Materials for the metal line of a semiconductor device typically include aluminum (Al) and tungsten (W). These materials have been used mainly due to their good electrical conductivity. Recently, research has been directed towards the use of copper (Cu) as a next-generation material for a metal line. Copper has excellent electrical conductivity and low resistance compared to aluminum and tungsten, and therefore copper can solve the problems associated with an RC signal delay in the semiconductor devices that are highly integrated and operating at a high speed.
However, copper cannot be easily dry-etched into a wiring pattern. As such, in order to form a metal line using copper, a damascene process is employed. In the damascene process, a metal line is formed by first etching an interlayer dielectric to defining a metal line forming region.
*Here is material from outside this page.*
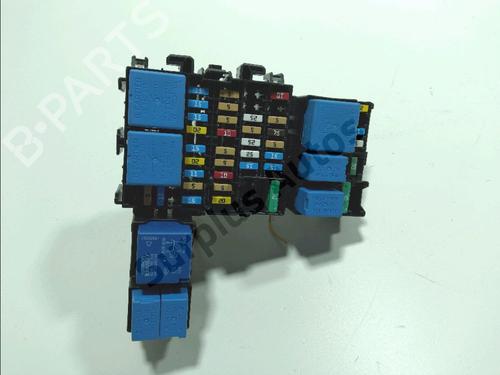 Used Fuse box Fuse box RENAULT CAPTUR I (J5_, H5_) 1.5 dCi 90 (J5N4, J5M5, J5MW, J5M6, J5AL, J5AJ) (90 hp) 33568487 33568487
After completion of the metal line forming regions, a copper layer is then filled in the metal line forming region.
The metal line forming region is formed using a single damascene process or a dual damascene process. When using the dual damascene process, an upper metal line and a contact plug for connecting the upper metal line to a lower metal line can be simultaneously formed, and since surface undulations produced due to the presence of the metal line can be removed, a subsequent process can be conveniently conducted.
When a copper layer is the material used for a metal line, unlike aluminum, a copper component diffuses through an interlayer dielectric to the semiconductor substrate. The diffused copper component acts as deep-level impurities in the semiconductor substrate made of silicon and induces a leakage current. Therefore, when using the copper layer as the material of a metal line, a diffusion barrier must be formed on the interface between the copper layer and the interlayer dielectric. Generally, the diffusion barrier is made of a single layer of a Ta layer or a TaN layer or a double layer of a Ta/TaN layer through physical vapor deposition (PVD).
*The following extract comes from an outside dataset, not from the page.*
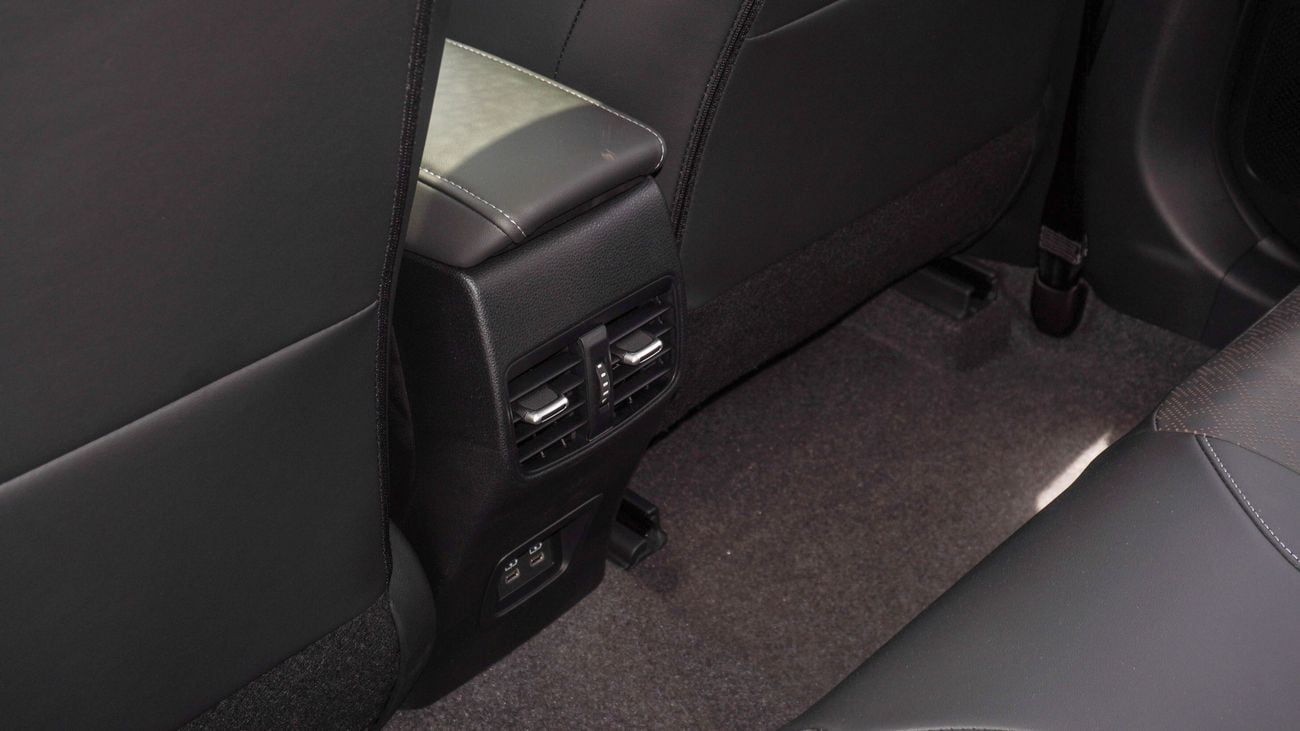 تويوتا كورولا Hybrid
However, PVD has a limit in step coverage, and a method for forming a diffusion barrier using atomic layer deposition (ALD) instead of PVD when manufacturing a semiconductor device below 30 nm has been proposed in the art. Additionally, as the design rule of a semiconductor device decreases, a method has been adopted in which ALD is used to form a thin Ru layer as a seed layer on the Ta layer or the TaN layer (also formed using ALD). A copper layer is then formed on the Ru layer using electroplating. The Ru layer has characteristics of a material that is not coupled with copper.
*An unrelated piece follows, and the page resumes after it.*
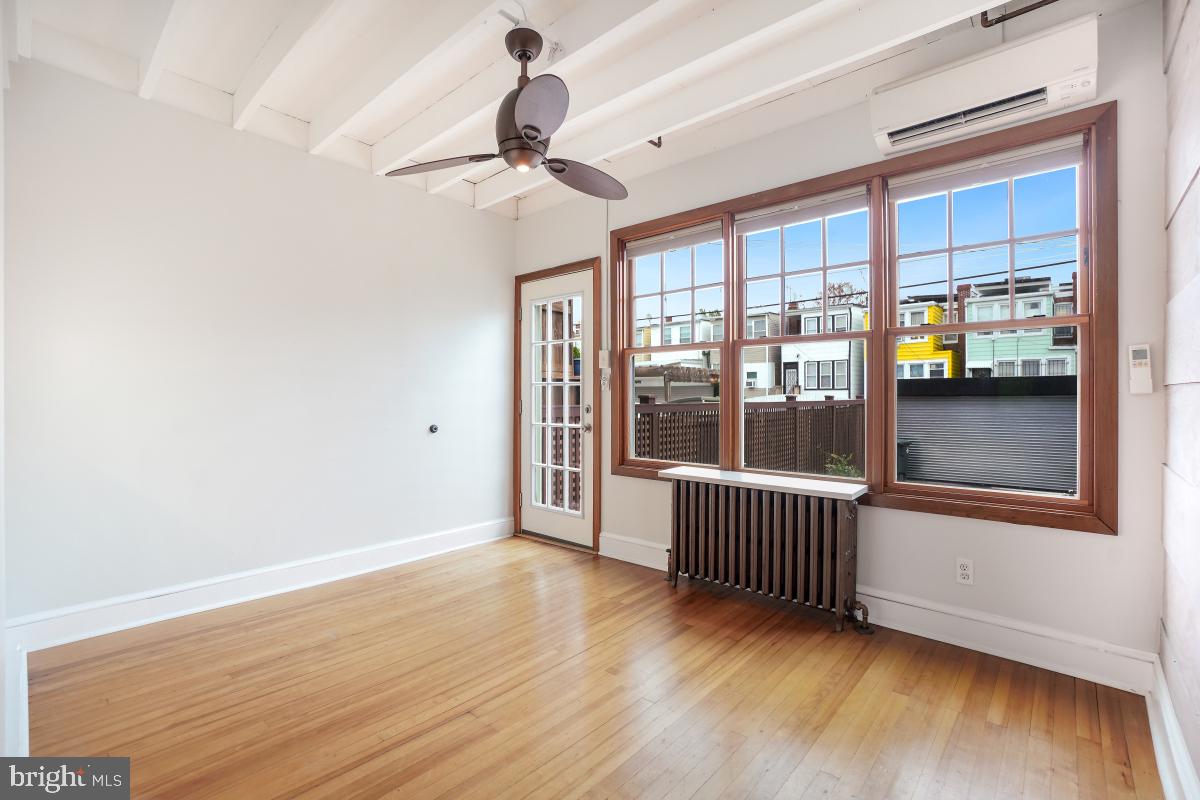 525 24th Street Northeast Washington, DC 20002 - Photo 18 of 49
However, the Ru layer grows in a columnar shape, and consequently the Ru layer of the conventional art has poor structural characteristics. The Ru layer serves as a direct diffusion path between the copper layer and a lower layer, and due to the poor structural characteristics of a Ru layer, the characteristics of the diffusion barrier are degraded. As a consequence, when an annealing process is subsequently implementing, the copper component may diffuse through the diffusion barrier to the semiconductor substrate made of silicon, whereby the characteristics and the reliability of the semiconductor device are deteriorated.